Patricia Albere: When I can work with people I can get them to drop into this place, and from that place you're not solid. You're like this opening of who you are that's very particular but it's not a solid object, it's like what the scientists are saying - you're like this space of potential as Neil. When you and I connect from that deepest opening that you are, and you can see into the deepest place of where I am, and we literally start to connect from there, two spaces could connect, two fragrances can connect, two stones can't. Things that are solid can't actually interpenetrate.

Patricia Albere: When you start to build that level of the we, like you literally become a new kind of wine. Your grape and my grape, we become Merlot. When you're deepening and deepening into that, now does it mean that your personality and the crazy things that drive each other crazy go away? No. We still have separatenesses that are still going to operate but we have that to ... That becomes louder and louder and a place to return to and stand on. So that when you're dealing with the things that are different and challenging, you don't lose each other, you do it from being connected instead of separate.

Patricia Albere: Most arguments are completely separate. That's why people love having fights and making love because when you make love and you all of a sudden go, "Oh, it's you, it's me. You know, I remember you. You know, you don't look like the evil guy who's making me crazy." You go back to that place where the real connection is, and we have a very sophisticated but powerful way to just have humans find that, nurture that, deepen that because that's also where divinity arises from.

Patricia Albere: We include our human limitations and failings, but there's some source that I know Peter and I found where I felt myself as more beautiful, and more powerful. It was like I was almost witnessing her as he was. It was like some way of me being myself that I had never experienced nor had I ever been received in that way. My work is really devoted to deepening that for people, exploring that not as a spiritual bypass kind of thing but as making that louder and louder, and clearer, and more rich and substantial so that the other levels of us are kind of put more in their place. They're not everything.

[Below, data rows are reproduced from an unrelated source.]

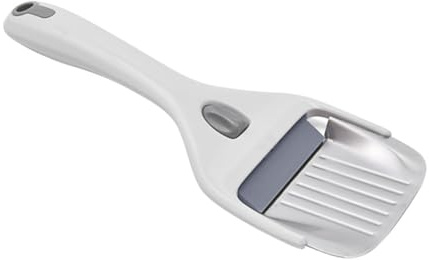 Genérico Espátula para Cortar Queso de Plástico Ajustable, Rallador Multifuncional para Jamón y Pasteles, Herramienta de Cocina Práctica para Uso en Hogar y Restaurante, Diseño Ergonómico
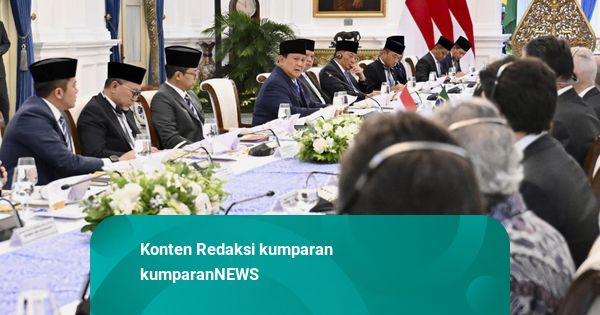 Jamuan Makan Siang Prabowo dan Lula da Silva di Istana: Pecel hingga Iga Bakar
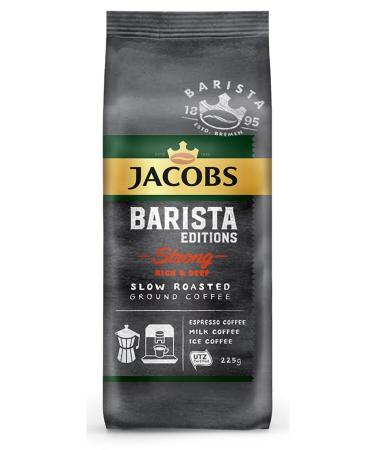 Jacobs Barista Editions Strong Filter Coffee 225 Gr - Buy Online on GoSupps.com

Neil Sattin: Yes. We have had Jett Psaris on the show, one of the authors of Undefended Love, I'm not sure if her conversation will have aired by the time. We may do this one first. One of the places that she comes from, I'm not sure if you're familiar with her work at all is basically getting couples to the place where they're able to be totally open and vulnerable with each other.

Neil Sattin: When we're young we start out from a place like that and then we end up suffering some wound or something happens that creates a crack in the veneer of everything being one and perfect which gives us a really hard emotional internal experience. From that our personality emerges which she talks about as basically all of our ego structures that are about protecting us from the experience, from what we're afraid will happen if we're that vulnerable again.

Neil Sattin: Her practice is a lot about going inwards when you feel that fear happening, that closing happening. I love that this is almost like the equal and opposite approach to very similar way of getting at the essential self. Like what is there beneath the veneer of personality.

Patricia Albere: Yes. It's interesting because as you're speaking I'm realizing the direct access to the core which actually is findable  - interestingly -  I don't know why but it's almost like giving people ... Like if you're doing remote viewing and you give them coordinates. The coordinate of finding this deepest place in oneself is actually findable even though people think they can't, they find it.

Neil Sattin: Is that something we could talk about now?

Patricia Albere: I'm just saying when you find that and you deepen into that then when stuff comes up there's a way in the way that we practice where we turn towards whatever is there together. If I'm feeling defended, I'm feeling hard like cardboard, and I'm sensing into like the phenomenological reality of feeling separate. That would happen with Peter, sometimes we'd go, "Wow, it feels really flat." We'd go, "Yeah, it does, doesn't it?" we were like kids, like we were so curious about whatever was there, we didn't have like a certain kind of preference that it had to be always profound or deep.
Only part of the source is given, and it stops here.